● ACTIVITY
Write out exactly the lines of the entries below from the one holding "Musik-, Tanz- und" to the one holding "Intensity Map cluster", inclusive, and leave out all other lines.

● RECORDED DATA
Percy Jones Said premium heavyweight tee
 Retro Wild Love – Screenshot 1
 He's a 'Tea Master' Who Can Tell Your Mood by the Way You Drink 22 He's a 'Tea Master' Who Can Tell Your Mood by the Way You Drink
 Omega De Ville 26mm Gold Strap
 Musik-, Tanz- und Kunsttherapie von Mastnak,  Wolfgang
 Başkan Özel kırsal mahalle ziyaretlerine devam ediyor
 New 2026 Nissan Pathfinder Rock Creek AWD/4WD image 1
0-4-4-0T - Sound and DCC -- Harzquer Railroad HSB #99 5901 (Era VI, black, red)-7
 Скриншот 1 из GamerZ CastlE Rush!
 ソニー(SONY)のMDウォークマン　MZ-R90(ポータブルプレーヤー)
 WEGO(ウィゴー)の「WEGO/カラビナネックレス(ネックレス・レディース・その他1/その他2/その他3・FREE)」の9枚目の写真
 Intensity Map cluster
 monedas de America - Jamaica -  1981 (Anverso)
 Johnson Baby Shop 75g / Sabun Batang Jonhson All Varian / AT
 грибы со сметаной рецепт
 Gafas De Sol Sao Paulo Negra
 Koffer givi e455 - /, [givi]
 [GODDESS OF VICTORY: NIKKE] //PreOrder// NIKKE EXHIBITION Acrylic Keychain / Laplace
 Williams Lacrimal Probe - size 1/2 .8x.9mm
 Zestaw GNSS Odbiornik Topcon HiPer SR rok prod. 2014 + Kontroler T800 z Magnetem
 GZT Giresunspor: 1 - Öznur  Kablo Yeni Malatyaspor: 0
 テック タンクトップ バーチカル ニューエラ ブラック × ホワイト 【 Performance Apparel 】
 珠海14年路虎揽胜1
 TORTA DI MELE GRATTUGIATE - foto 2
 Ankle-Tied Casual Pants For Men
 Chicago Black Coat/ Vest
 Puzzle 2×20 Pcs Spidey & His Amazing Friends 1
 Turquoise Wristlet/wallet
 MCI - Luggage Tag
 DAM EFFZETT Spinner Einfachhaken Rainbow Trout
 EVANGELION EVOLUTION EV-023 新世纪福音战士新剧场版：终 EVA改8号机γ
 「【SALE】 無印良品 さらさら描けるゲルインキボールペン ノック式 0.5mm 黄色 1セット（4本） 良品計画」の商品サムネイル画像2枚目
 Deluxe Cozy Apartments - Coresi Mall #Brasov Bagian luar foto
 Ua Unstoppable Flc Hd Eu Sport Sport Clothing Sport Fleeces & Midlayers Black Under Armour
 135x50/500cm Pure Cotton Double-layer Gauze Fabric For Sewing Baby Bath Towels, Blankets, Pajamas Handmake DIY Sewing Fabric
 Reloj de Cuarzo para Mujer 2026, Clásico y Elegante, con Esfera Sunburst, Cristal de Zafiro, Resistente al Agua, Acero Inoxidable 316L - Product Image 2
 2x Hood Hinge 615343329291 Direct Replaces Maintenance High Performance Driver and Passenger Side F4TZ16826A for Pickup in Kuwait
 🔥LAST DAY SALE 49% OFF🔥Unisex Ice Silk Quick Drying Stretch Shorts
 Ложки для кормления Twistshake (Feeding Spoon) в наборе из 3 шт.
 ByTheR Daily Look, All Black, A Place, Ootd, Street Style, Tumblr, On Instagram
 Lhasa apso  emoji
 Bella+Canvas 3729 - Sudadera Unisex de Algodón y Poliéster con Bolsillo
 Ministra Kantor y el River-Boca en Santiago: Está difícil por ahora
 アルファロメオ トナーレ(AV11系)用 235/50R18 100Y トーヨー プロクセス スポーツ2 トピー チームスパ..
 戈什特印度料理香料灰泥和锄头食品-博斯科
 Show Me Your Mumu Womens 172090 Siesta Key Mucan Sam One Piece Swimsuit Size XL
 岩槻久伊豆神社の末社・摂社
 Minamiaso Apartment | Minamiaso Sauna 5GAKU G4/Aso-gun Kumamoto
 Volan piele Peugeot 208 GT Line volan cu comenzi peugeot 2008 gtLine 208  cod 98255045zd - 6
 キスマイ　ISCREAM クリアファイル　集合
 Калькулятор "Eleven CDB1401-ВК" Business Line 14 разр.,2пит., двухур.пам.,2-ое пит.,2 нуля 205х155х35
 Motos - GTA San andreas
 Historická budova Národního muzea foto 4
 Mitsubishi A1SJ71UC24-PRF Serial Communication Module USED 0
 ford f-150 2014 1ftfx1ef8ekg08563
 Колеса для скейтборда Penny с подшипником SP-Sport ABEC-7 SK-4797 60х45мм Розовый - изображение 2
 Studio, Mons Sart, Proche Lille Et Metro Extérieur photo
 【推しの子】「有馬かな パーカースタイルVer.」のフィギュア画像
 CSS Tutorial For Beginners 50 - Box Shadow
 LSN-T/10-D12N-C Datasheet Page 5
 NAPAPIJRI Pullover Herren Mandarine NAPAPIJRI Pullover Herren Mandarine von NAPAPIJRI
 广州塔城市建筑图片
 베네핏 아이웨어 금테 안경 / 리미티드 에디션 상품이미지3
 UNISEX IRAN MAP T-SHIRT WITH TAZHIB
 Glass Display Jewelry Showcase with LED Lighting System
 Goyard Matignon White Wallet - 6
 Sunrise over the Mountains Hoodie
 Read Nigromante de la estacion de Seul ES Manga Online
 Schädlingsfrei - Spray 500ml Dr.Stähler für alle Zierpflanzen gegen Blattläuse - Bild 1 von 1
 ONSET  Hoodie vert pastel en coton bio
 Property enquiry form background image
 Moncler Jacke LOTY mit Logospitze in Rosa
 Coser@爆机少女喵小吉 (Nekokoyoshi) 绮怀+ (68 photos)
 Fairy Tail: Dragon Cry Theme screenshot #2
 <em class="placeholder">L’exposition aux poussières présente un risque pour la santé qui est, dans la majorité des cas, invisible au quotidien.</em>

● REPLY TO THE TASK
 Musik-, Tanz- und Kunsttherapie von Mastnak,  Wolfgang
 Başkan Özel kırsal mahalle ziyaretlerine devam ediyor
 New 2026 Nissan Pathfinder Rock Creek AWD/4WD image 1
0-4-4-0T - Sound and DCC -- Harzquer Railroad HSB #99 5901 (Era VI, black, red)-7
 Скриншот 1 из GamerZ CastlE Rush!
 ソニー(SONY)のMDウォークマン　MZ-R90(ポータブルプレーヤー)
 WEGO(ウィゴー)の「WEGO/カラビナネックレス(ネックレス・レディース・その他1/その他2/その他3・FREE)」の9枚目の写真
 Intensity Map cluster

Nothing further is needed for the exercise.